That said UK papers seem rife with False Widow Spider scare stories at the moment


----------



## Budw (Oct 14, 2013)

BedouGirl said:


> Jumeirah 2, which I find very worrying as Vantage only lives round the corner from me.



Thanks for the post. I Live in Jumeirah 1, and these spiders are getting to close for my comfort. I will have my yard and garage checked this week. In worst case there will be a call to pest control as well...


----------



## blazeaway (Sep 28, 2011)

Budw said:


> Thanks for the post. I Live in Jumeirah 1, and these spiders are getting to close for my comfort. I will have my yard and garage checked this week.
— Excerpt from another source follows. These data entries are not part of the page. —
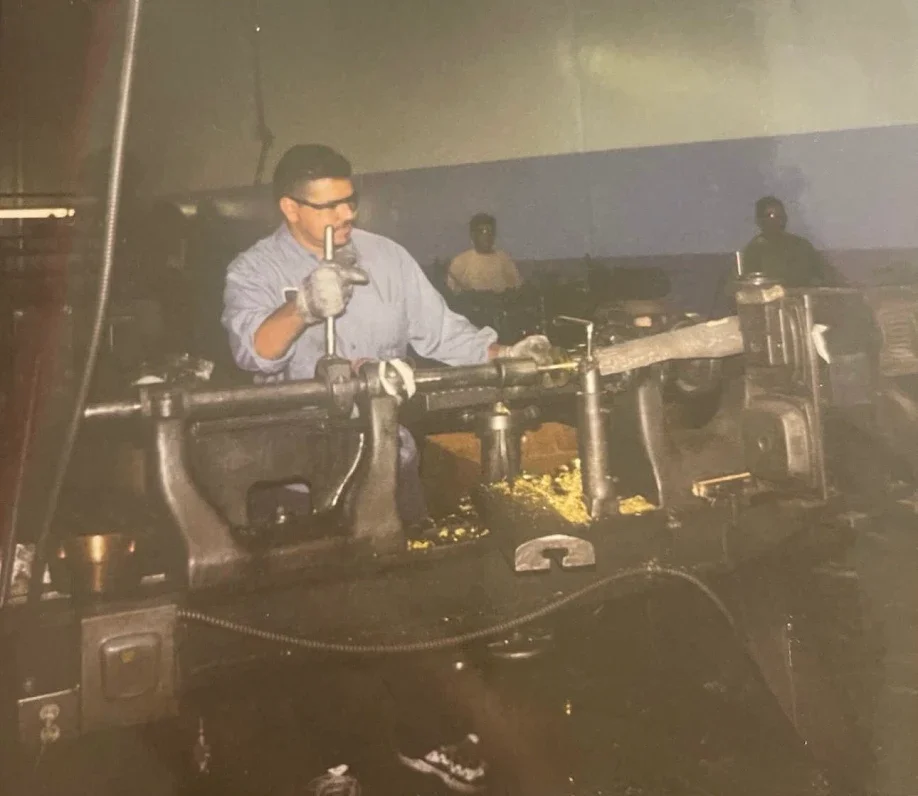 Raul Rizo at the spinning lathe in the 1990s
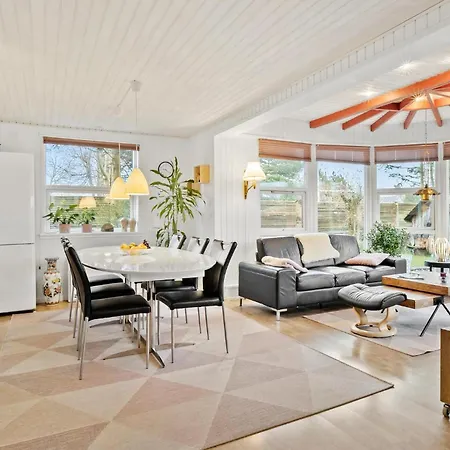 Four-bedroom In ميدِلفارت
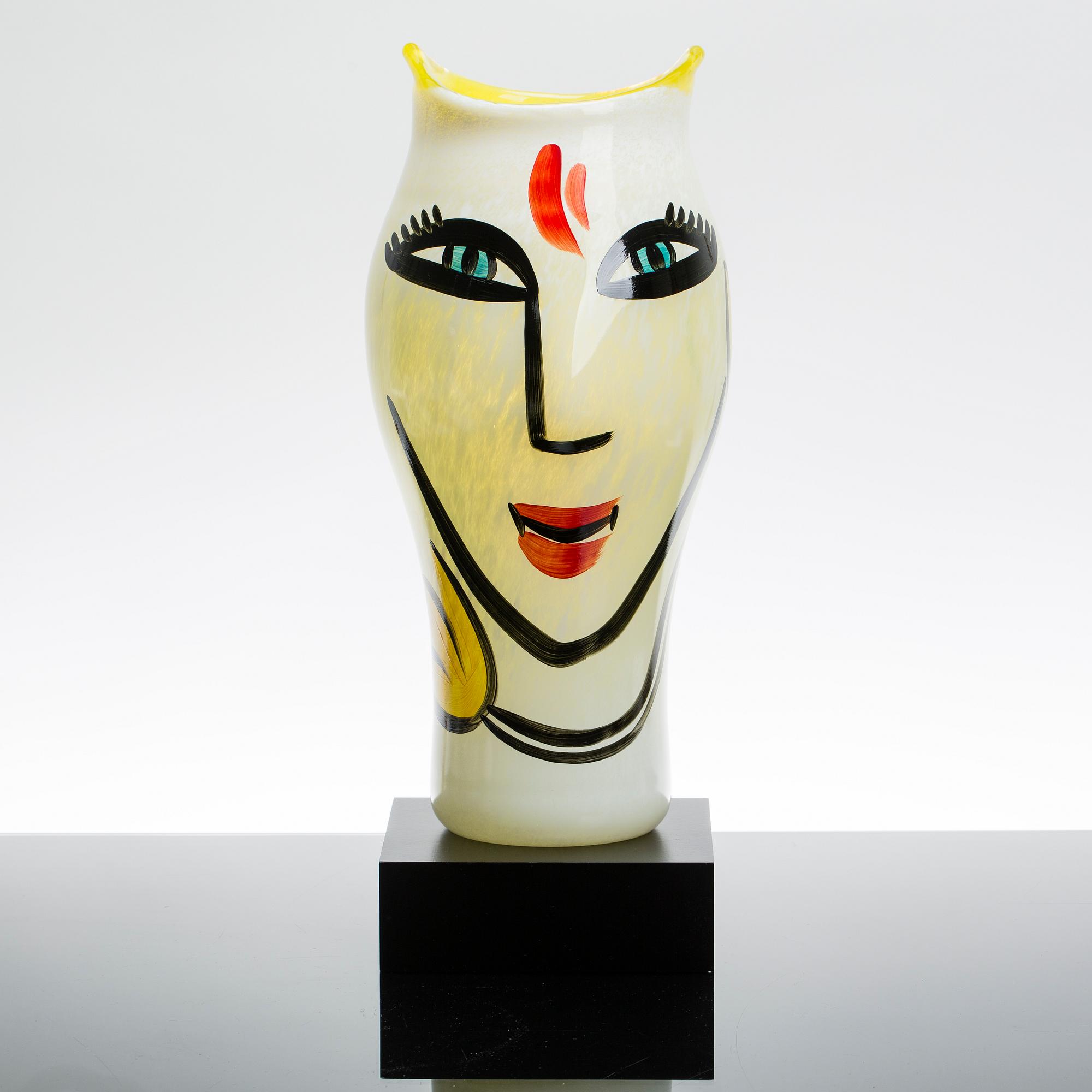 ULRICA HYDMAN-VALLIEN,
In worst case there will be a call to pest control as well...


Flee the area now?


----------



## Budw (Oct 14, 2013)

blazeaway said:


> Flee the area now?


It takes much more than spiders to to get me to leave this area... I rate jumeirah 1 / 2 one of the best places to live in Dubai...loving it.


----------



## Budw (Oct 14, 2013)

Had my garden and garage checked this morning, no sign of redback spiders . Did the pest control at the same time, was about time to get rid of the millions of ants that like to live with us...


----------



## Jumeirah Jim (Jan 24, 2011)

For the first time those apartments in Burj Khalifa are sounding quite sweet


----------